◆ Source data
+++
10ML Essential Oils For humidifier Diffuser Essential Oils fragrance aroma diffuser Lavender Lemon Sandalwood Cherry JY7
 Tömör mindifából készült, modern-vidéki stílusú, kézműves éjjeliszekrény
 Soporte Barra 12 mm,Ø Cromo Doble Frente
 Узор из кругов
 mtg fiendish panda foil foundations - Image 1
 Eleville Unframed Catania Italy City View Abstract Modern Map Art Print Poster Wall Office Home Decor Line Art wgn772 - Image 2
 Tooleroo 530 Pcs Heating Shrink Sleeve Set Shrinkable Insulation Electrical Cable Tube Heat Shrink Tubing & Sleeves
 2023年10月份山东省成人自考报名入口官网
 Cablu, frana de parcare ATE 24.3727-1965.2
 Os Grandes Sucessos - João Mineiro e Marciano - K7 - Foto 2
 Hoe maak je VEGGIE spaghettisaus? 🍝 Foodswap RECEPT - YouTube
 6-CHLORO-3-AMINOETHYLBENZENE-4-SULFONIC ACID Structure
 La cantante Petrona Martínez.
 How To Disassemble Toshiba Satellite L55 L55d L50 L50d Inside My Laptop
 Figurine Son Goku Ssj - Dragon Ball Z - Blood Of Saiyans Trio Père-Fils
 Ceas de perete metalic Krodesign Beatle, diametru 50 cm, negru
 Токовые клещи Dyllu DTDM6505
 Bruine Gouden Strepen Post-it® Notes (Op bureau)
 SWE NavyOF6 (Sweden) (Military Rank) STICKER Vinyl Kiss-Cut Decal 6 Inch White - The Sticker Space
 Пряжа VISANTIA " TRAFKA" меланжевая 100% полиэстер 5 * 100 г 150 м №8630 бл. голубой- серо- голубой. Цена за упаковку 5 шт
+++
◆ Exercise directions
Make sure that every entry above is copied out exactly as it stands.

◆ Response box
10ML Essential Oils For humidifier Diffuser Essential Oils fragrance aroma diffuser Lavender Lemon Sandalwood Cherry JY7
 Tömör mindifából készült, modern-vidéki stílusú, kézműves éjjeliszekrény
 Soporte Barra 12 mm,Ø Cromo Doble Frente
 Узор из кругов
 mtg fiendish panda foil foundations - Image 1
 Eleville Unframed Catania Italy City View Abstract Modern Map Art Print Poster Wall Office Home Decor Line Art wgn772 - Image 2
 Tooleroo 530 Pcs Heating Shrink Sleeve Set Shrinkable Insulation Electrical Cable Tube Heat Shrink Tubing & Sleeves
 2023年10月份山东省成人自考报名入口官网
 Cablu, frana de parcare ATE 24.3727-1965.2
 Os Grandes Sucessos - João Mineiro e Marciano - K7 - Foto 2
 Hoe maak je VEGGIE spaghettisaus? 🍝 Foodswap RECEPT - YouTube
 6-CHLORO-3-AMINOETHYLBENZENE-4-SULFONIC ACID Structure
 La cantante Petrona Martínez.
 How To Disassemble Toshiba Satellite L55 L55d L50 L50d Inside My Laptop
 Figurine Son Goku Ssj - Dragon Ball Z - Blood Of Saiyans Trio Père-Fils
 Ceas de perete metalic Krodesign Beatle, diametru 50 cm, negru
 Токовые клещи Dyllu DTDM6505
 Bruine Gouden Strepen Post-it® Notes (Op bureau)
 SWE NavyOF6 (Sweden) (Military Rank) STICKER Vinyl Kiss-Cut Decal 6 Inch White - The Sticker Space
 Пряжа VISANTIA " TRAFKA" меланжевая 100% полиэстер 5 * 100 г 150 м №8630 бл. голубой- серо- голубой. Цена за упаковку 5 шт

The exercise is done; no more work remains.